Can You post code for benchmarks? Or it is here in topic and I've missed it?

Zabrane Mickael

unread,

Jul 12, 2012, 3:37:08 AM7/12/12

to Max Lapshin, Erlang Questions

Hi Max,

On Jul 12, 2012, at 8:21 AM, Max Lapshin wrote:

Can You post code for benchmarks? Or it is here in topic and I've missed it?

The ehttpd code was sent by Wei (first email). Here it is again (attached).

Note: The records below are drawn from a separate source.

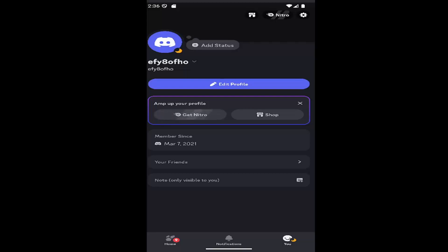So what you have to do is sign into Discord and select the U button in the bottom right corner to launch your profile page, then select the gear icon up in the top right.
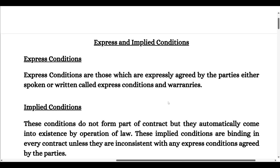Hey guys, welcome to my YouTube channel The Golden Law. Today we are going to cover express and implied conditions. Before we have made a video which I will provide in the description, you can check it out from there. So today we are going to cover express and implied conditions.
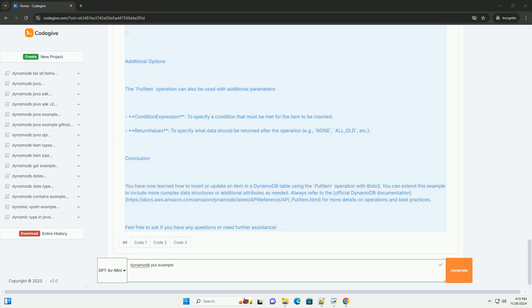3. Reference the table - dynamodb.table users gets a reference to the users table. 4. Create an item - we create a dictionary representing the item to be inserted. 5. Put item - the put_item method is called on the table reference to insert the item. 6. Error handling - we handle potential errors using a try-except block.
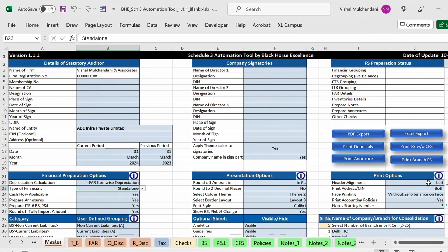Hello and welcome to the tutorial video of Black Horse Excellence. Today in this video we will see how we can do the consolidation in the automation tool. In the Schedule 3 tool as well as in the non-corporate tool you can do the branch-wise consolidation. In case you have multiple Tally data for different businesses or for different branches, you can do the consolidation in the automation tool. Watch this video till the end to understand everything in detail.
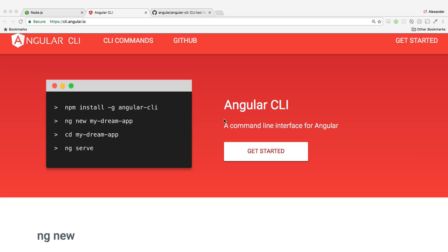Hey everybody, today I wanted to do a quick screencast on the Angular CLI. This is a tool that I've been using on a couple of projects and I wanted to make a video on just some of the things that I've learned about it — hopefully you can get something out of it and kind of get up and running.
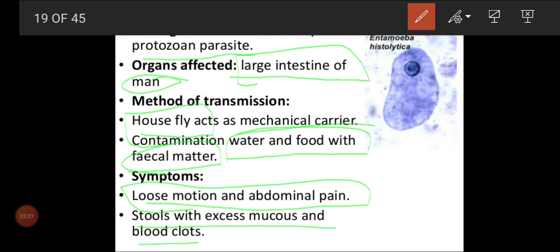Amoebiasis is a disease caused by Entamoeba histolytica. It is a parasite which can be seen in the colon part of the large intestine. It will spread from a person to another person through fecal matter by the houseflies. Houseflies act as a mechanical carrier. They transmit the parasite from the fecal matter of infected persons to food and food products.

You also need his patched version of the VM. More precisely, the "bind_port_to_scheduler" patch:

git clone git://github.com/weicao/otp.git

cd otp

git fetch git://github.com/weicao/otp.git bind_port_to_scheduler

./otp_build autoconf

make clean

CFLAGS="-DERTS_POLLSET_PER_SCHEDULER -g -O3 -fomit-frame-pointer" ./configure --prefix=/SOMEWHERE/usr

make && make install

Then:

export PATH=/SOMEWHERE/usr/bin:$PATH

Regards,

Zabrane

ehttpd.erl

Wei Cao

unread,

Jul 12, 2012, 4:45:14 AM7/12/12

to Zabrane Mickael, Erlang Questions

Hi,

2012/7/12 Zabrane Mickael <zabr...@gmail.com>:
> Hi Wei,
>

> We already surpassed the 100krps on an 8-cores machine with our HTTP server
> (~150K rps).

Which erlang version did you use to get ~150k rps on 8-cores machine,
patched or unpatched? if it was measured on a unpatched erlang
version, would you mind measuring it on the patched version and let me
know the result?

>
> My question was: could we reach the 100K rps on a 4-cores machine with
> ehttpd ?
> That will be awesome.
>

Today I found a lock bottleneck through SystemTap, trace-cmd and lcnt,
after fixing it, ehttpd on my 16-cores can reach 325k rps.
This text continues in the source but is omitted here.